= Fender Bandmaster Reverb =

The Fender Bandmaster Reverb was a tube amplifier made by Fender. It was primarily a Silverface Bandmaster piggyback 'head' with the addition of reverb and vibrato and a modified circuit that shared more similarities with other Fender amplifiers. It was introduced in 1968 and was discontinued in 1980. The Bandmaster Reverb was produced in both a 40 watt and 70 watt tube variant, before being reissued as a vintage modified amplifier.

== History ==
The first version of the Fender Bandmaster Reverb was introduced in 1968 as a Silverface Bandmaster that offered reverb on the vibrato channel. Fender introduced the amplifier with a 5U4GB rectifier tube rather than the diode rectifier found in the previous Blackface Bandmaster. This resulted in the Bandmaster Reverb having reduced power over the standard model and increased sag and power amp break up. The revised circuit also places the gain stage within the reverb recovery circuit which causes the amp to break up earlier. These series amps offer the designations AA768, AA568, AA1069 and TFL5005.
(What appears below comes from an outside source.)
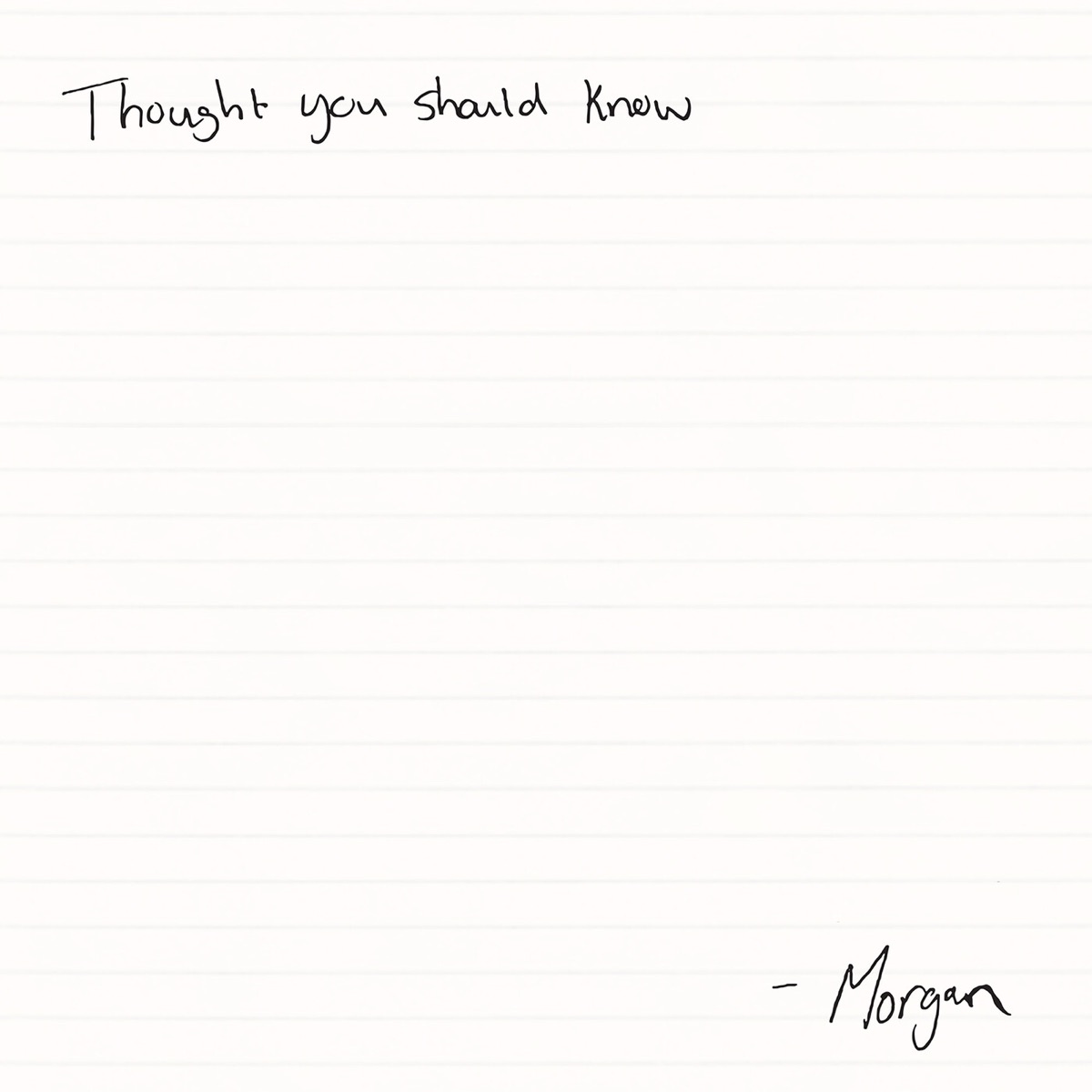 Thought You Should Know - Single by Morgan Wallen album cover artwork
A revised model was introduced in 1977 that increased power output to 70 watts. The output transformer was connected as ultra linear to the power tubes and larger filter caps were used. These changes increased the headroom of the amp and brought it more inline with the non-reverb versions. This was complemented by the added functionality of a master volume and a push/pull boost. Some later Bandmaster Reverbs also added a 3-band EQ on the Normal channel and a bright switch but this was uncommon across all models.

Master volume models with "pull boost" tone circuit, a Mid control knob for the Normal channel and a tailless amp decal were introduced in 1976. Power was increased from 40 to 70 watts/RMS; Line Out jack, hum balance pot and an ultra linear output transformer were added in 1977.

The amp was reissued in 2009 as the Band-Master VM (Vintage Modified series), and features many of the characteristics of the original. It is however largely a different amp as it models the blackface variants of the Bandmaster and adds reverb. On top of this it deviates from the traditional Bandmaster reverb formula in its use of a hybrid preamp section which utilises 12ax7 tube power alongside a DSP section.

== Circuit ==
There are several versions of the Bandmaster Reverb circuit:

Bandmaster Reverb Valve / Tube Compliments
| Circuit Designation | Pre-amp valves | Power-amp valves | Rectifier |
|---|---|---|---|
| AA270 | 3x 7025, 2x 12AT7, 1x 12AX7 | 2x 6L6GC | 5U4GB |
| AA768 | 3x 7025, 2x 12AT7, 1x 12AX7 | 2x 6L6GC | GZ34 |
| AA1069 | 3x 7025, 2x 12AT7, 1x 12AX7 | 2x 6L6GC | 5U4GB |

The first two 7025 valves are used for the first stage pre-amps (one 'normal' channel and one 'vibrato'), the second 7025 being used for the reverb recovery and mixing stages. The single 12AT7 was used for the reverb driver while the 12AX7 was used for the vibrato circuit.

Note that the 'vibrato' circuit is actually a 'tremolo' effect in that it modulates amplitude not pitch of the signal.